A man previously linked to five deaths in two states claimed to have killed a total of 16 people, according to a prosecutor. The enigmatic case against Sean M. Lannon, 47, unfolded during a detention hearing in New Jersey on Friday.

“He admitted to killing a total of 16 people … 15 being in New Mexico and one in the State of New Jersey,” said Assistant Gloucester County Prosecutor Alec Gutierrez, according to “It’s my understanding that the FBI is assisting New Mexico in their investigation.”

Those 15 people in New Mexico allegedly included the defendant’s wife Jennifer Lannon, 39, who was found dead in a vehicle at a Albuquerque airport with three slain men. She had previously gone missing from the town of Grants with Jesten Mata, 40, and Matthew Miller, 21. The fourth victim Randal Apostalon, 60, was an Albuquerque local. Police over there had said at least two of the victims were found in pieces. Gutierrez said on Friday that according to the defendant, the remaining 11 victims were drug dealers. Lannon allegedly claimed to have lured several of the victims to a New Mexico home, and dismembered a number of them.

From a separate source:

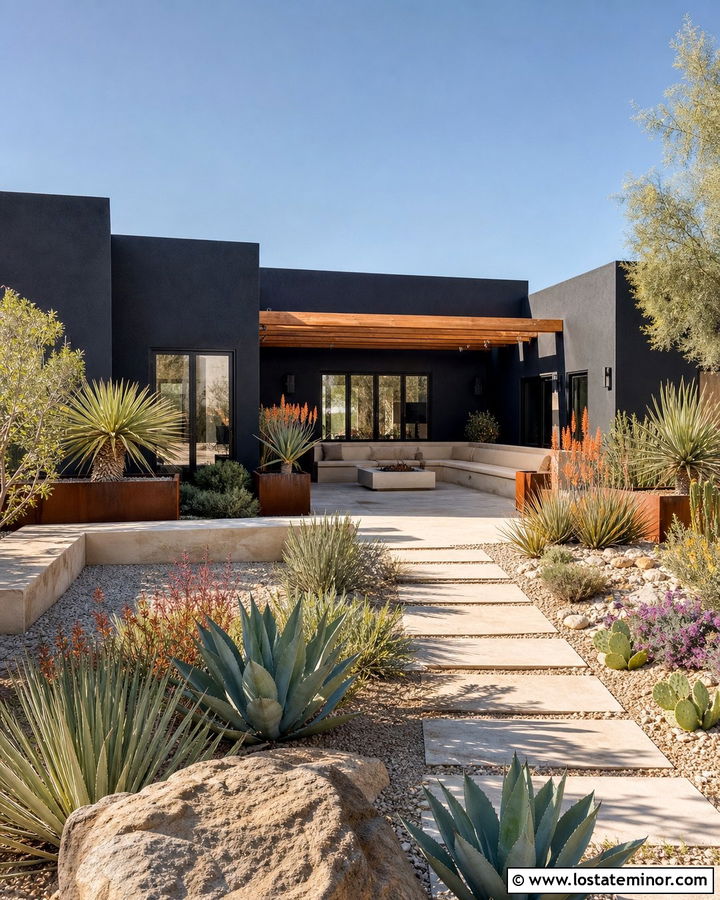 Jet Black Stucco House With Desert Patio - 30 Jet Black House Design With Backyard Ideas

The defendant has not been charged with any slaying out west. Right now, he’s charged in one alleged murder in New Jersey: that of Michael Dabkowski, 66, who served as a “Big Brother,” of Sean Lannon and the defendant’s twin brother in 1985. Authorities said the killer beat the victim to death. Lannon asserted that the man sexually assaulted him as a child, said Gutierrez. He allegedly went to the residence in Gloucester County, New Jersey in order to retrieve explicit photos of them together.

In this second-hand account, the men fought, and Dabkowski handed over the pictures. They struggled again. Lannon beat Dabkowski to death with a hammer. The defendant was allegedly driving the victim’s SUV when arrested in St. Louis, Missouri. He was allegedly en route back to New Mexico.

He faces charges including first-degree murder. Public defender Frank Unger argued that his client’s actions constituted passion provocation manslaughter at worst, and that Lannon entered Dabkowski’s home with the man’s permission. He maintained his client only went there to get the photos, and did not want to hurt the victim. The killing only happened after Dabkowski “attempted to seduce” the defendant, and then attacked him with hammers, Unger said.

The prosecution asserted that Lannon had previously broken into another home in New Jersey, and tried to get into another one before the killing. Gutierrez worked to undermine the assertion that the defendant entered Dabkowsku’s residence with permission.

“The situation as alleged in New Mexico and as admitted by the defendant was that he used means to lure those individuals to a residence,” Gutierrez said. “So what I will say is that this notion that he was invited in should be looked at through the lens of at least three prior incidents in New Mexico. Those individuals, self-admittedly, were lured into the residence and subsequently murdered.”

The judge ordered Lannon held pending trial in New Jersey.